Nov 03, 2006 10:49
- Much going on here, and I may not be publishing Contra quite as often as in previous months. A lot centers on preparing materials for Lulu, which I'm going to be testing in a number of ways. I'm also testing a new scanner designed specifically for scanning books and magazines, and will report here once I've gotten a good feel for it.
- I got a Skype spam the other day, and (worse) it was a 419 scam from South Africa. The instant the message arrived, the sender was offline, clearly to avoid being traced. Although Skype can block senders, it's pretty obvious that that message would not arrive from that same sender again. Conventional spam is also up, and nearly all of the additional spam is pump-and-dump stock scams, which may well be the perfect crime.

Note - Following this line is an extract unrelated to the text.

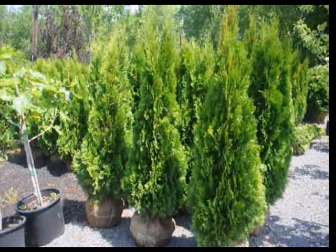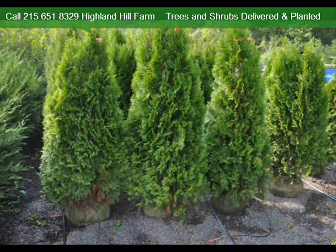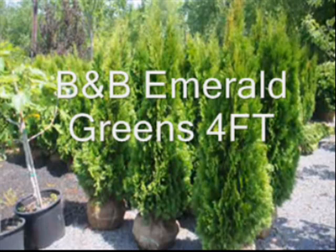So if you need a lot of them wholesale, give us a call. Or if you just need a few for privacy in your backyard, we have crews that can deliver and install our trees.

- I'm increasingly convinced that Flash is hugely superior to AJAX as a Web 2.0 platform. Check out calendar/organizer app Scrybe, a Flash app that (admittedly) is not yet generally available-but play the video. Egad. I don't know about you, but I find that extremely impressive, especially since Scrybe works when you're offline, and will seamlessly sync with your server-side data as soon as you connect.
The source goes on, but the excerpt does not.